A Vatican Secretariat of State press release came out over the weekend. It’s a policy statement about a relatively minor matter: organizations named after Popes.
DECLARATION ON THE PROTECTION OF THE FIGURE OF THE POPE
Recent years have witnessed a great increase of affection and esteem for the person of the Holy Father. There has also been a desire to use the Pope’s name in the title of universities, schools or cultural institutions, as well as associations, foundations and other groups.
In light of this fact, the Holy See hereby declares that it alone has the right to ensure the respect due to the Successors of Peter, and, therefore, to protect the figure and personal identity of the Pope from the unauthorized use of his name and/or the papal coat of arms for ends and activities which have little or nothing to do with the Catholic Church.

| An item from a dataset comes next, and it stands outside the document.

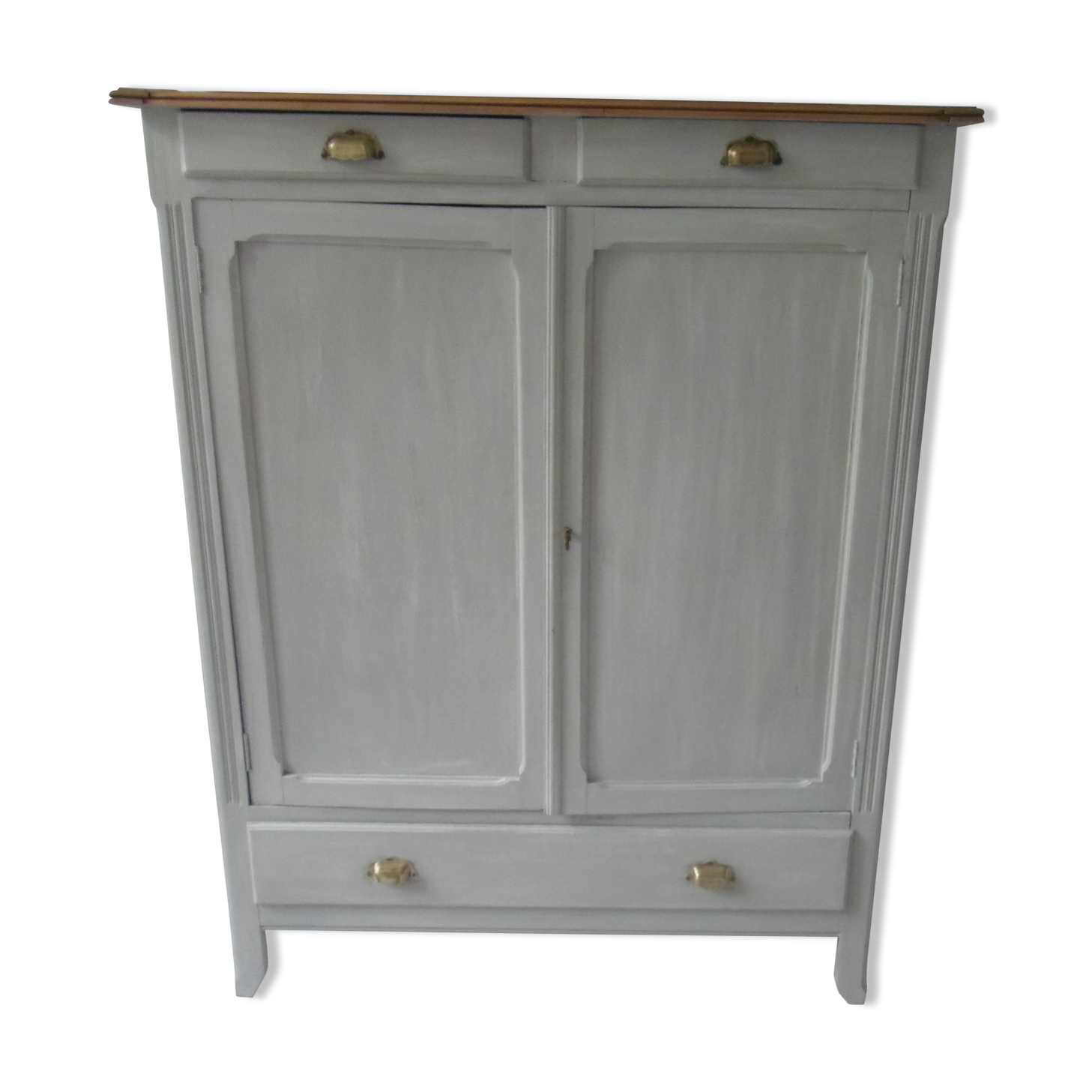 Parisian buffet patinated grey pearl powdery white, wood top waxed finish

Occasionally, in fact, attempts have been made to attribute credibility and authority to initiatives by using ecclesiastical or papal symbols and logos.
Consequently, the use of anything referring directly to the person or office of the Supreme Pontiff (his name, his picture or his coat of arms), and/or the use of the title “Pontifical”, must receive previous and express authorization from the Holy See.
Here’s what I find odd: that a statement from the Vatican is using a modern word such as “logo”. I feel as if the word were invented practically yesterday. As it happens, “logo” only dates to 1937, which seems way too recent for an institution with 2000 years behind it.
Surely there should be some rule that the Vatican doesn’t use words that aren’t at least 100 years old.